1Tous ces récits si fortement empreints de religiosité sacralisent le jeune âge au point d’en faire le véritable mythe d’origine des sociétés occidentales modernes. Si la représentation d’enfants en harmonie avec l’état de nature subsiste tout au long du xxe siècle, avec les valeurs protestataires que lui a attribuées le romantisme, le thème de l’enfant roi est souvent, en Italie, profondément marqué par la culture catholique, particulièrement dans le premier après-guerre.

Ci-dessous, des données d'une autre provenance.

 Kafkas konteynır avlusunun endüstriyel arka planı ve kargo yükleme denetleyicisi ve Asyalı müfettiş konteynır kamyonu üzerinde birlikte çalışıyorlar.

Parfois, ces deux veines d’inspiration, que j’ai coutume de désigner emblématiquement par l’enfance verte et l’enfance bleue (couleur du ciel), divergent : on peut ainsi opposer les bandes de garçons chers à Comisso, qui vivent librement dans la forêt et au bord de la rivière, au petit rédempteur de la famille que Deledda ou Moretti ont célébré en de pieux récits. Parfois elles se conjuguent comme chez Eisa Morante : Arturo livré à lui-même en son île a la fierté du héros romantique, mais dans l’imagination de l’orphelin de mère se développe un culte marial. En outre, si cette mythologie chrétienne de l’enfance se trouve inscrite sur le palimpseste des Saintes Écritures, elle intègre d’autres influences (par exemple le néo-platonisme et Swedenborg en ce qui concerne la figure du puer angelicus).

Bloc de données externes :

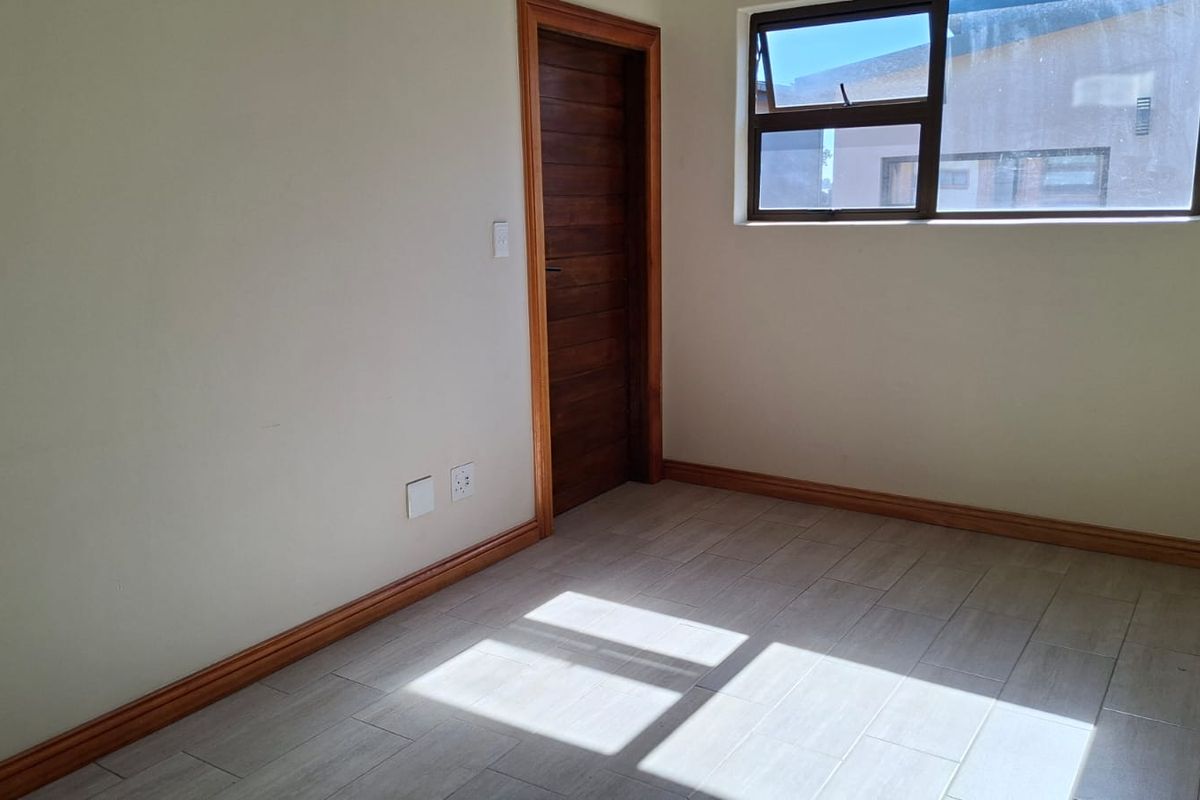 A bright, empty bedroom featuring neutral tiled flooring, wooden door frame, and a top-hung window.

2Dans cette étude sur l’imaginaire, le lecteur, croyant ou non, aura constaté que la mythologie chrétienne est considérée comme n’importe quelle mythologie, à savoir une production de l’esprit humain (seule attitude possible pour une science de l’homme), et non comme une Révélation transcendante. Comme tous les mythes authentiques, le mythe de l’enfance exprime des vérités psycho-socio-anthropologiques. C’est dire qu’il peut être lu à trois niveaux :

  • personnel, comme on l’entrevoit sommairement dans les pages consacrées à Silone. Seules des monographies peuvent approfondir cet aspect1 ;

  • socio-historique : on mesure nettement l’effet des deux guerres mondiales dans la quête d’une innocence rédemptrice. Une forte natalité devait compenser l’hécatombe des jeunes soldats ; d’où ces rêves d’un enfant passeur ou psychagogue qui leur ouvre la porte des cieux quand il ne meurt pas à leur place ;

  • anthropologique : par exemple, le paradis enfantin se donne à lire comme la version moderne et laïcisée de l’Éden chrétien et de l’âge d’or païen.

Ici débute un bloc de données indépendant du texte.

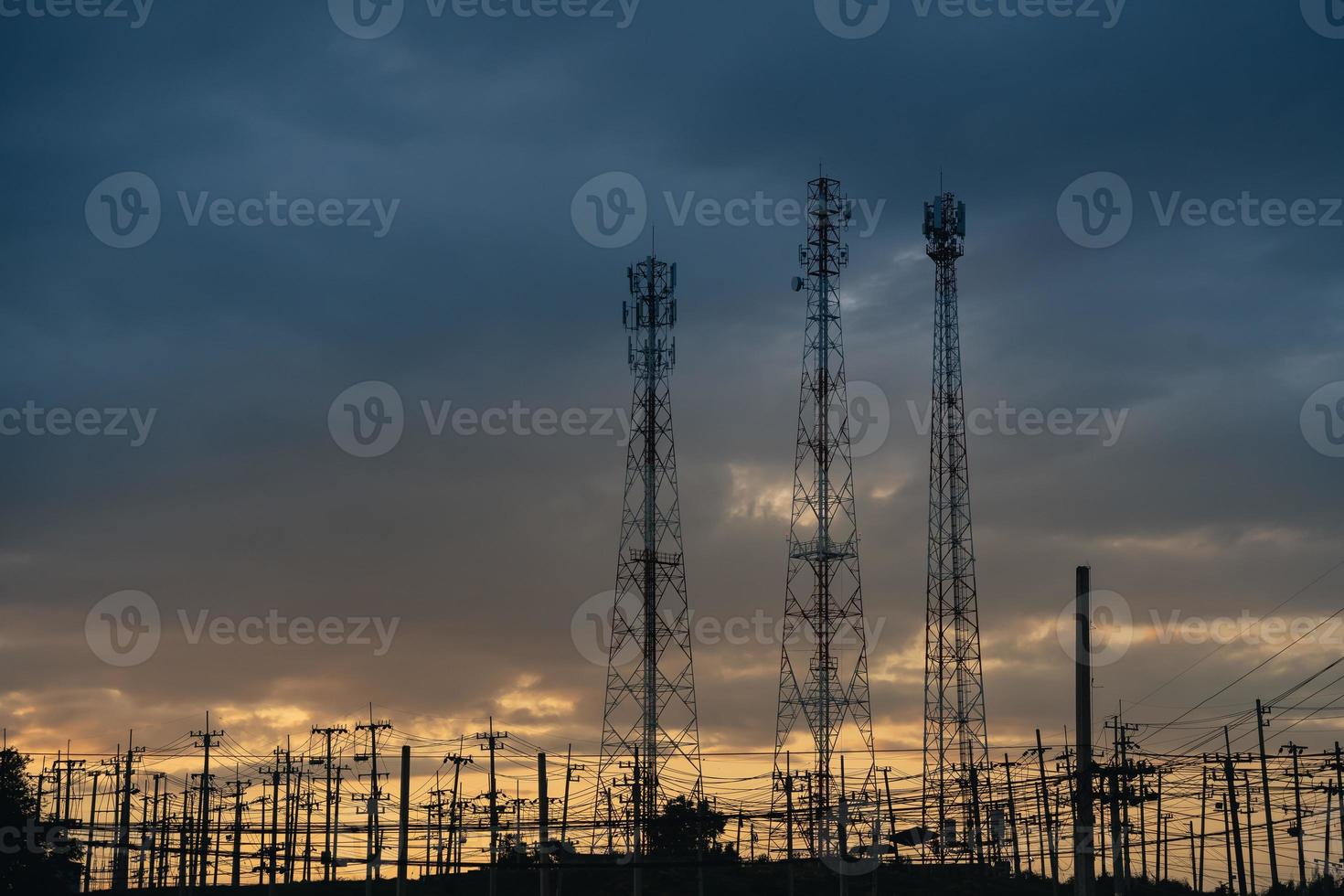 high voltage post.High voltage tower at power plant sunset evening golden time  sky background photo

3Le croyant catholique ajoute à ces vérités humaines la Vérité ontologique de la Révélation, ce qui ne lui interdit pas d’admettre que la représentation du divin est dans une large mesure une idéalisation des imagos parentales.

4Tous ces récits nous offrent au fond des versions socio-psychologiques laïcisées soit de la Genèse et de la Chute (avec notamment une fille tentatrice), soit de la Vie de Jésus : ainsi trouve-t-on des scènes de l’Annonciation (avec les figures de l’archange et de la fille-mère), de la Nativité (l’enfant trouvé à Noël ou abandonné dans une grotte), de l’Adoration des Mages (chez Deledda), du massacre des Innocents (La Storia de Morante), du retour d’Égypte (Pietro Spina), de Jésus chez les docteurs (l’enfant docte chez Strati).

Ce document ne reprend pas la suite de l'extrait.